お母さんを殺すというのに加担したゴミだ。
「虚無結界・時間魔法・体感時間増加・遅延魔法・体感遅延・消滅の権能・身体及び精神消滅・消滅の権能・消滅超遅延・感覚魔法・痛覚増加・幻覚魔法・地獄幻覚・治癒魔法・自動気絶回復・栄養魔法・魔力変換栄養補給・治癒魔法・自動治癒」
俺はゴミを絶対に抜け出せない結界に閉じ込めた上で痛覚と体感時間を高めた上で地獄の幻覚とゆっくり本当に物凄くゆっくり身体と精神が消滅させるという痛みをかけて、気絶だけはさせないように更に治癒魔法をかけて、更に餓死等が起きないように自動で魔力を栄養に変換する魔法と体を自動で治癒する魔法をかける。
我ながら素晴らしい魔法の組み合わせだ。
道徳?倫理観?何それ美味しいのだ。これは俺に与えられた正当な権利だ。
「ああ。本当に素晴らしい」
「ひ。ひやあああああああ」
俺を見てさっきのごみの腹心が逃げ出す。
「爆散」
だから苦しませずに殺してやった。
一応俺なりの優しさだ。
出来る限り苦しませて殺しても良かったが、あの腹心の魂は黒に近い灰色だったのでな、大方、自分からは罪を重ねられないけど便乗という形で罪を重ねた感じだろ。

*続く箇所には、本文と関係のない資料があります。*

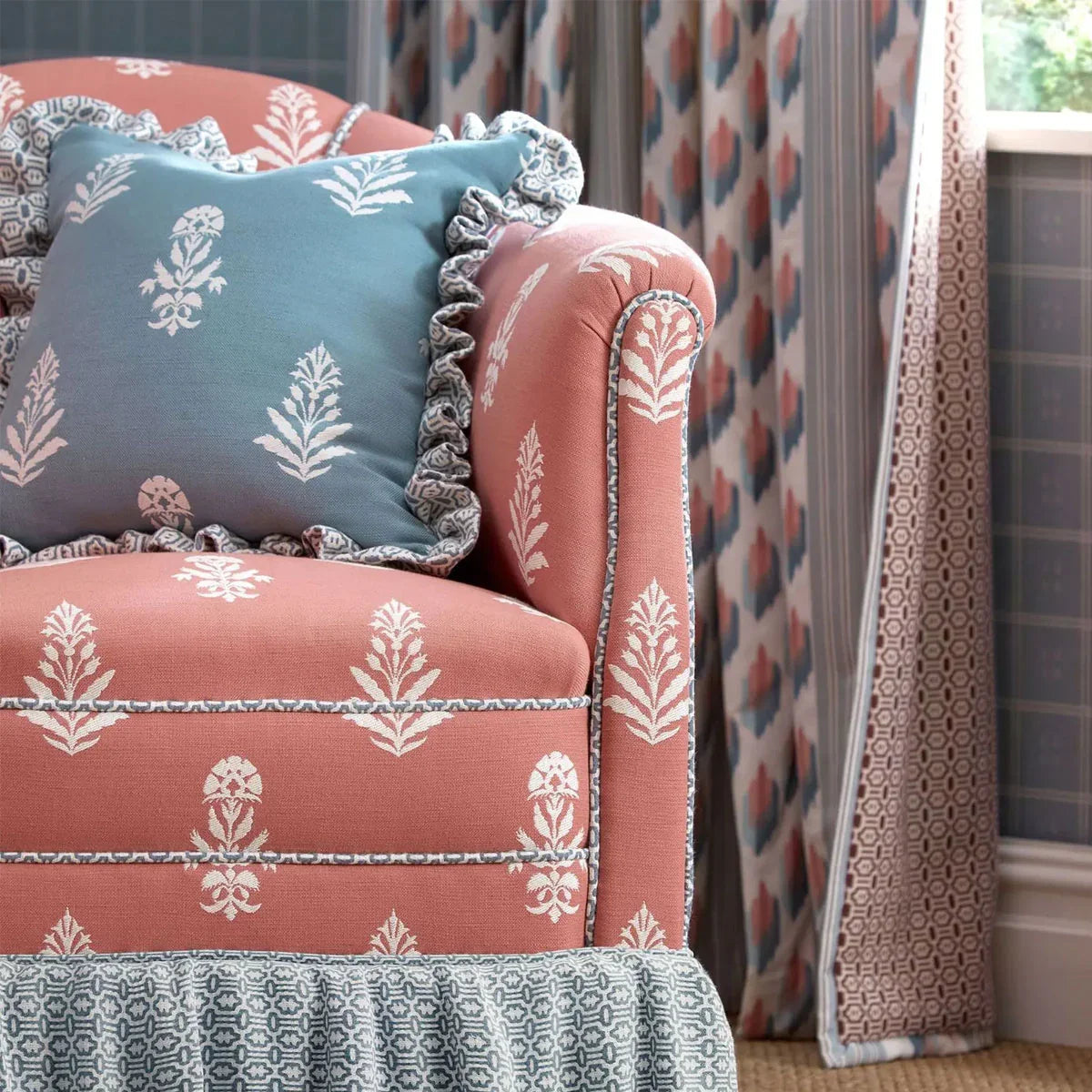 Dabu Fabric - Sanderson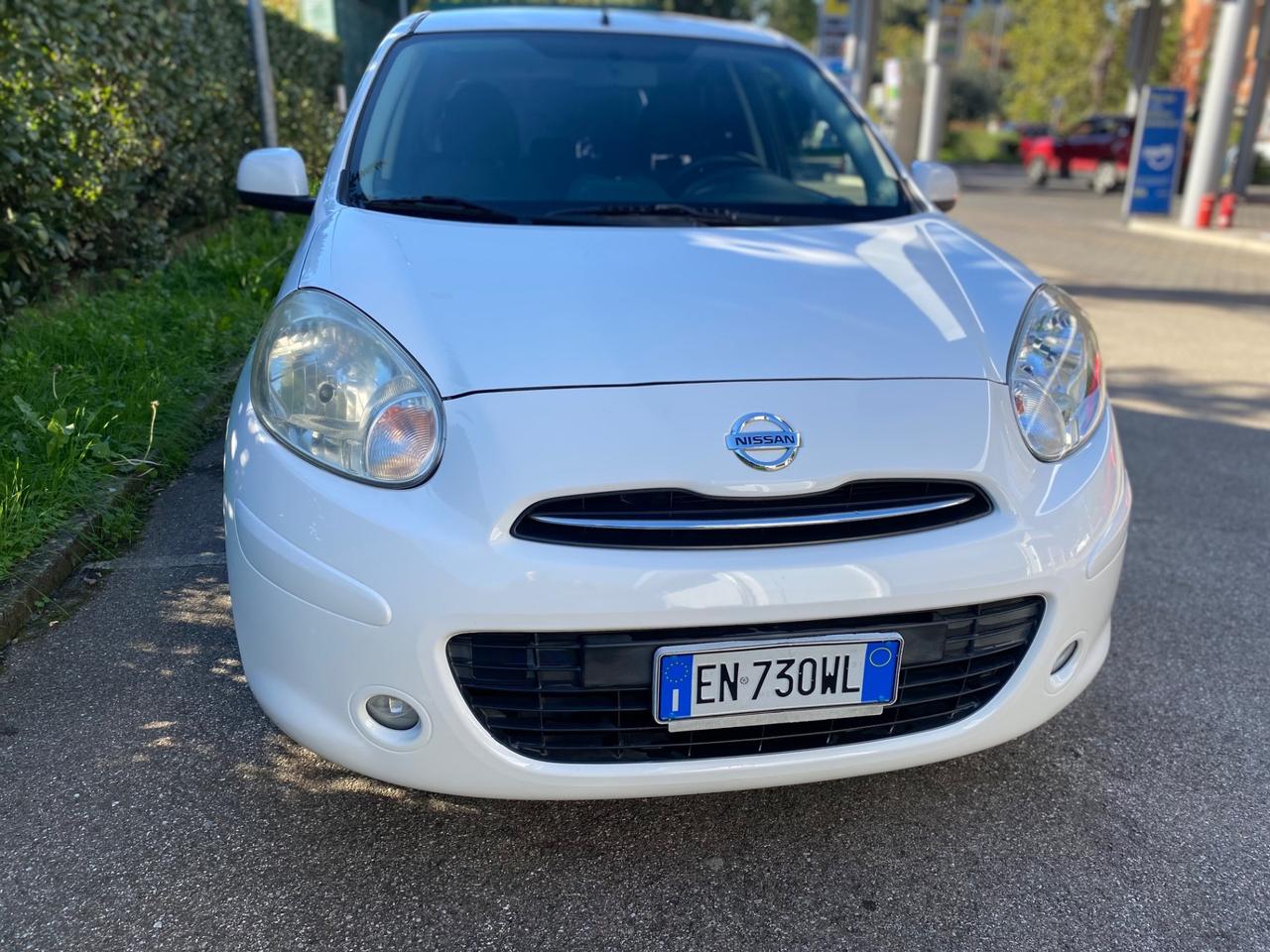 Nissan Micra 1.2 12V 5 porte GPL Eco Visia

まあ、人は殺してるし、十分に美味しい思いはしているので、自業自得というやつだ。
「空間魔法・異次元空間・新規作成」
俺はわざわざ全く新しい空間を作り出してそこに、吐き気を催す邪悪を放り投げる。
これで、このゴミは何百年とかけて精神と肉体が完璧に消滅するまで永劫の地獄に閉じ込められることだろう。
非常に妥当な罰だな。
「さてと。ナナ。次ぐに行くか」
かくして俺はノートを片手に次の復讐に向かうのだった。
―――――――――――
こんな真夜中に投稿するの気持ち良すぎだろ。
さっきまで、よふかしのうたをネトフリで見てた。ナズナちゃん可愛い。